The comparison of the distribution of the number of provinces
between the total population, the simple random sample
and the stratified random sample.

In the stratified sample, the provinces are distributed as they are in the original sample, while in simple random sampling there are provinces which are present in a higher percentage and provinces which are present in a lower percentage.

We could however choose and impose another distribution. A common situation is one when you want to estimate with the same precision a parameter for each stratum, and in this case fixing the same number of units for each stratum is a good choice. This can be done with the option method=equal_size.

Systematic sampling

In the stratified sampling design we saw how to ensure that each one of a set of different classes is represented into our sample, and the same concept can be immediately generalized by stratifying with respect to more than one categorical variable.

If however we want to ensure that the entire range of values of a continuous variable is present in our sample, we cannot straightforwardly apply the above strategy.

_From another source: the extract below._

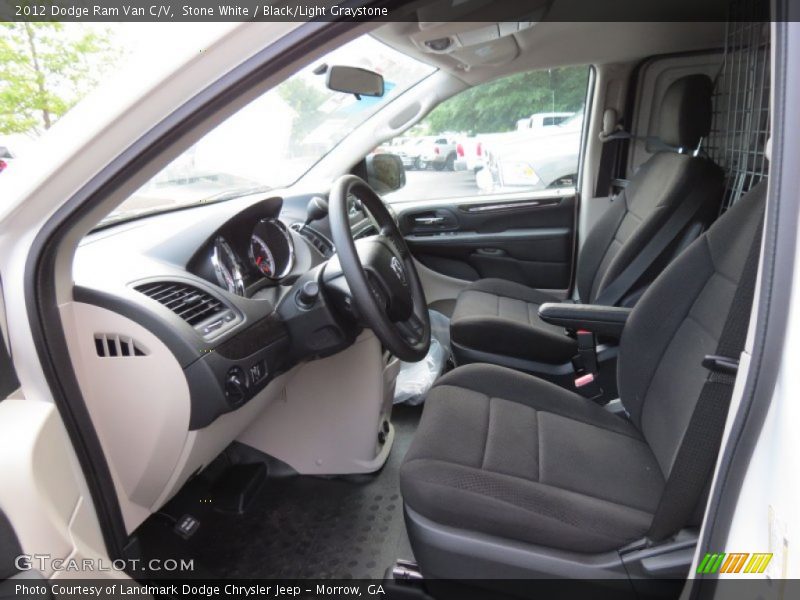  2012 Ram Van C/V Black/Light Graystone Interior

The possible choices in this case are two: we can either discretize the continuous variables, either by using equally spaced subsets or more advanced methods ¹, or we can use some form of systematic sampling. The basic form of systematic sampling is very easy, and it can be done in four steps:

We compute k=n//N and l=n%N
We sort our dataframe according to the column we want to stratify on
We sample a random number i between 0 and k-1
we take the units i, i+k, i+2k,…,i+(l-1)*k

Alternatively, we can use

col = 'medianincome'

df_sort = df.sort_values(by=col, ascending=True)

m4 = sample(df_sort, n=n, rng=rng, kind='systematic')

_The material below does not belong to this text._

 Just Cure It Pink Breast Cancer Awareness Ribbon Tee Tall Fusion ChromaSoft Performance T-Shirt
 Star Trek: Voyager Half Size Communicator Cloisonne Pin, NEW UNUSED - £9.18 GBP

Before discussing the results of the systematic sampling strategy, let us introduce a more recent sampling design, namely the pivotal method.

Pivot sampling

Pivotal sampling has been first developed by Deville and Tillé in 1996 in this paper.

With this method, in each step, we then apply the following algorithm:

Select a random unit $i$ among those with $0 < \pi_i < 1$
Find its nearest neighbour $j$ among those with $0 < \pi_j < 1$
If $\pi_i + \pi_j > 1$ then:
1. generate $0 \leq \lambda \leq 1$ uniformly
2. if $\lambda < \pi_i/(\pi_i + \pi_j)$ set $\pi_i$ to 1 and $\pi_j$ to $(\pi_i + \pi_j -1)$, otherwise switch $i$ and $j$
If $\pi_i + \pi_j <= 1$ then:
1. generate $0 \leq \lambda \leq 1$ uniformly
2. if $\lambda < \pi_i/(\pi_i + \pi_j)$ set $\pi_j$ to 0 and $\pi_i$ to $(\pi_i + \pi_j)$, otherwise switch $i$ and $j$.

The effect is analogous to the one we would have obtained by using a systematic sampling sorting with respect to $x$. We can however generalize the above concept and use any distance matrix for $x$ either one dimensional or multidimensional, so this method can be also applied to spatial sampling.

The above method has been improved by verifying in step 2 that $i$ is the nearest neighbour of $j$. If it is, then step 3 is performed, otherwise one goes back to step 1.

One of the great advantages of the (local) pivot method over the systematic sampling is that systematic sampling implies the sorting with respect to one variable, while the pivot methods look for the nearest neighbour, which is a well define concept in more than one dimension too.

m5 = sample(df, n=n, kind='pivotal', columns=[col], rng=rng)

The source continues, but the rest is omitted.